Park-adjusted numbers are a mixed bag. ERA+ has him at only 98, or below the league average; however, his 35.7 VORP places him 45th in the league, ahead of such notables as Curt Schilling, John Maine, Joe Nathan and Derek Lowe. Maddux’s VORP is also up from his 32.7 last year between the Cubs and Dodgers. Finally, Maddux tied with Daisuke Matsuzaka for 27th in the league in expected wins with 13.4.
Maddux has always thrown a lot of first pitch strikes (64% career, vs 57% league average). This year, that number jumped even higher, to 68%. That might have accounted for a little bit of that jump in his hit rate; more specifically, it looks like Maddux pitched in the zone a little more last year, thinking the ballpark would back him up.
I heard many folks complain that Maddux stunk when he got deep into games this year; looking at the numbers, he was not nearly as bad as others thought him to be.
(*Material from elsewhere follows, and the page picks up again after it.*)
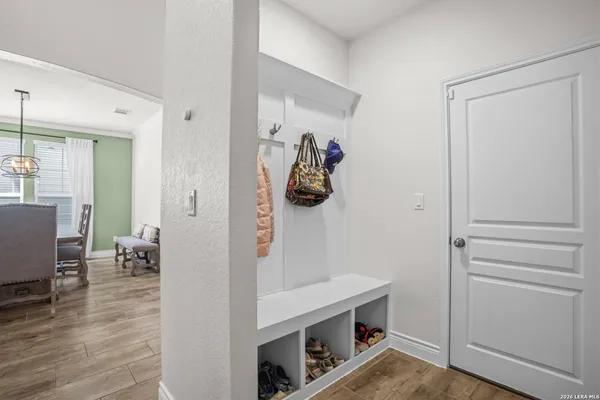 a view of hallway with livingroom and furniture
From pitch 76 onward, Maddux’s ERA was 4.07 in 17.2 innings; that’s actually below his season average. Maddux had far more problems early in games; over his first 30 pitches, Mad Dog’s ERA was a painful 7.29. That would lead me to believe that Maddux has a harder time finding a rhythm now than he did five years ago.
ZIPS sees Maddux posting similar numbers in 2008; they have him at 14-11 with a 3.91 ERA over 200 innings. Sound familiar? Maddux has owned that line for the last five years. It would not surprise me at all to see him duplicate his 2007 numbers, or perhaps be a little better now that he’s learned how to pitch to the ballpark. His August numbers pointed in that direction (3-1, 2.37), but his September numbers were his worst all season (4-2, 6.14).
All things considered, Maddux looks like he’s at worst a league average starter; in this day and age, that can be hard to find, so $10M might not be overpaying for him. Beyond his performance on the mound, he appeared to help Peavy out tremendously this year concerning his approach and efficiency. Given all that he brings, this looks like a solid signing for the Pads. See the future Hall of Famer while you still can.